Trapp's career was typical of his times, combining literary and critical activity with religious and political partisanship. He was born into a clerical family in 1679 (his father was rector of Cherrington, Gloucestershire) and after proceeding to New College School, Oxford, and Wadham College, he attracted the attention of the wits by a series of paraphrases, translations, complimentary effusions (including "Peace. A poem: inscribed to ... Viscount Bolingbroke, 1713"), and at least one successful tragedy, Abra-Mule; or Love and Empire (1704). In public affairs he was active in the defence of Henry Sacheverell, and his partisanship here must have cemented his relationship with Dr. William Lancaster, one of the bail for Sacheverell, who was Vice-Chancellor of Oxford at the time of Trapp's election to the chair of poetry. Less fortunate was Trapp's association with the dedicatee of the translation of the Aeneid, for Lord North and Grey, who was prominent in seeking to quash Sacheverell's impeachment (and became a privy-councillor in 1711), was committed to the Tower in 1722 for complicity in the Atterbury plot and ended his days a wanderer on the continent. That Atterbury himself was a subscriber to the Aeneid serves further to underline Trapp's Tory affiliations. The dedication by Trapp of his Oxford lectures on poetry (Praelectiones Poeticae, 1711-19)[2] to Bolingbroke appears to complete a fatal concatenation of literary and political association in the light of events after the death of Queen Anne.

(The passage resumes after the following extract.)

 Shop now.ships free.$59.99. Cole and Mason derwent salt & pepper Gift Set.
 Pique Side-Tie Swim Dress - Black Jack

Nonetheless, Trapp survived and prospered. Under the Tories he had been for a time chaplain to Sir Constantine Phipps, Lord Chancellor of Ireland, and shortly afterwards to Bolingbroke, who stood as godfather to Trapp's son Henry. During the Tory collapse, Peterborough presented him to the rectorship of Dauntsey in Wiltshire; Dr. Lancaster obtained for him the lectureship at St. Martin-in-the-Fields, Westminster; and in the 1730s Bolingbroke, restored, preferred him to the rectorship of Harlington, Middlesex. Other livings and the presidency of Sion College were to accrue for faithful service, as Trapp turned his pen to the defence of the established church: first against the Roman Catholics (for which, perhaps, the University of Oxford created him Doctor of Divinity in 1728) and later against the Methodists, especially in his discourses on The Nature, Folly, Sin, and Danger of being Righteous over much (1739).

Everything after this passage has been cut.